La civil tech qui est censée gérer ces consultations citoyennes s’est concentrée de façon, à mon avis, obsessionnelle, sur la fabrique de la loi, en France comme ailleurs. Le réflexe premier des militants de la civil tech est la transparence de la démocratie, du processus législatif de fabrique de la loi. Si vous prenez l’exemple de la « république numérique » qu’avait initié Axelle Lemaire, il s’est agi d’un succès en tant que nombre de personnes participant à la consultation mais pas en tant que résulat concret. Si vous prenez un sujet complexe, tel l’e-sport ou la portabilité, seuls les spécialistes du sujet s’en sont emparé.

Nous préférons participer aux définitions des politiques publiques et aux visionning collectifs, du type accès au soins de santé, développement économique des territoires. Par exemple, nous travaillerons pour l’université d’Harvard sur la gouvernance et l’éthique de l’intelligence artificielle : dans les relation homme-machine, quels droits pour la machine ?
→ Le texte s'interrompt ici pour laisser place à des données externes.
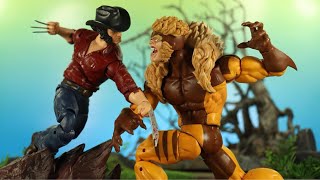 MARVEL LEGENDS LOGAN VS SABRETOOTH REVIEW  WOLVERINE 50TH ANNIVERSARY SERIES [upl. by Kandace902]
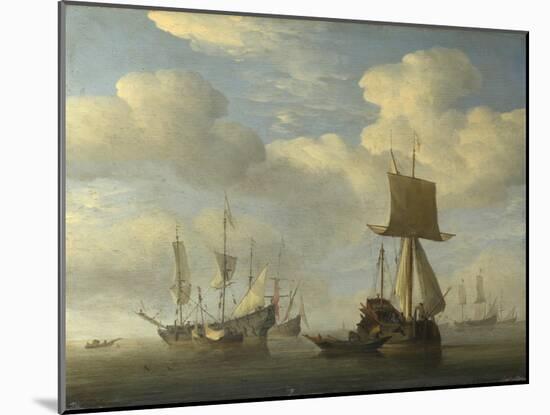 An English Vessel and Dutch Ships Becalmed, C. 1660-Willem Van De Velde The Younger-Mounted Giclee Print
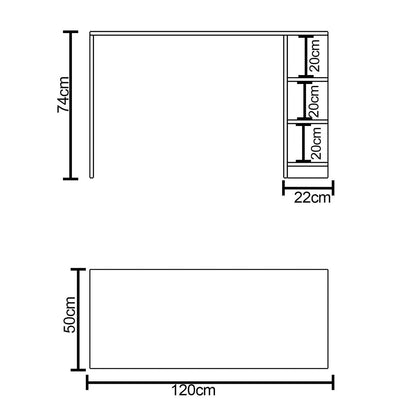 Γραφείο HADIZA Λευκό/Δρυς Μοριοσανίδα 120x50x74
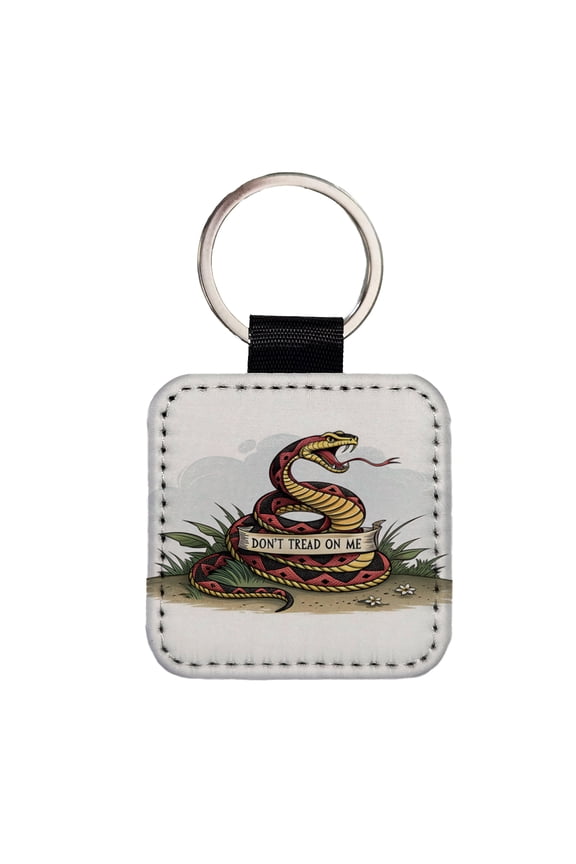 Don't Tread On Me Snake Faux Leather Square Keychain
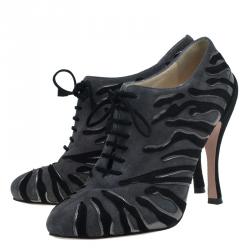 Pre Owned Prada Ardesia Suede Camoscio Lace Up Booties Size 37.5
–Propos recueillis par Marie Lafourcade

Propos recueillis par Marie Lafourcade

Frank Escoubes, cofondateur et co-dirigeant de Bluenove a 20 ans d’expérience en conseil en stratégie, dont 8 ans chez Deloitte au Canada.

Il a créé en 2011 la plateforme Web collaborative Imagination for People dédiée à l’innovation sociale et sociétale.

Ashoka Fellow depuis 2012, il est aussi romancier et écrit chaque jour un ou deux aphorismes sur Facebook et Twitter.

 

Bluenove est née de la fusion en 2014 entre une société française, du même nom et créée par Martin Duval, spécialisée dans le conseil en « open innovation » et intelligence collaborative. Depuis sa fusion en 2014 avec la société canadienne fondée par Frank Escoubes, elle est propriétaire de ses outils technologiques, notamment le logiciel Assembl, développé en partenariat avec le MIT américain.

Près de 70 % de son chiffre d’affaires est réalisé auprès des grands groupes privés, le reste auprès d’entités publiques, locales, nationales, européennes ou internationales.